The expected answer is the full listing, repeated exactly and free of images.

**GIVEN INFORMATION:**
• • • •
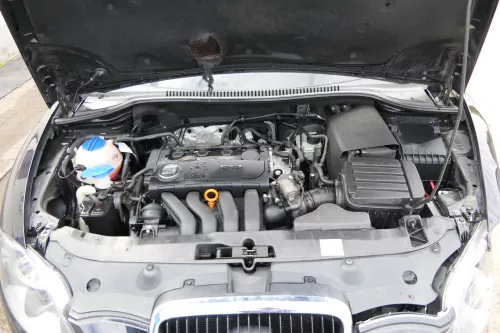 VW Golf 5 A3 2.0 FSI Leitung Leitungen Kraftstoffleitung Rohre Rohr 06F127509N (171374)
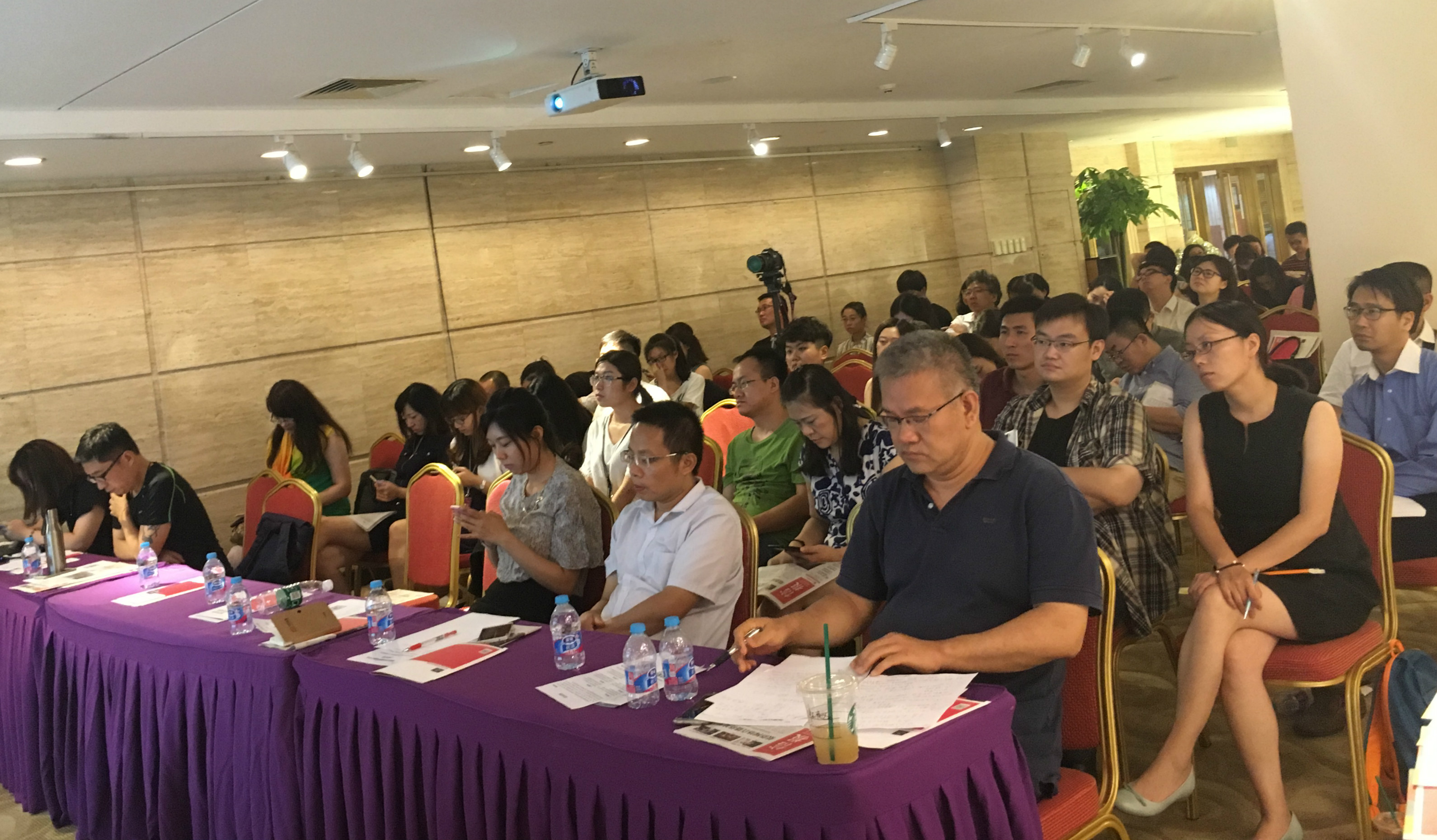 美通社新傳播茶會：全媒體時代醫(yī)療健康行業(yè)的傳播新思路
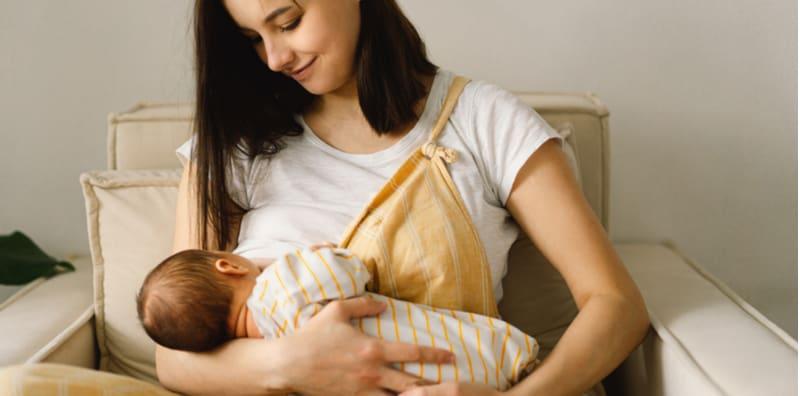 11 Posisi Penyusuan Untuk Mama Pilih Semasa Menyusukan Bayi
• • • •
**SOLUTION TO THIS TASK:**
 VW Golf 5 A3 2.0 FSI Leitung Leitungen Kraftstoffleitung Rohre Rohr 06F127509N (171374)
 美通社新傳播茶會：全媒體時代醫(yī)療健康行業(yè)的傳播新思路
 11 Posisi Penyusuan Untuk Mama Pilih Semasa Menyusukan Bayi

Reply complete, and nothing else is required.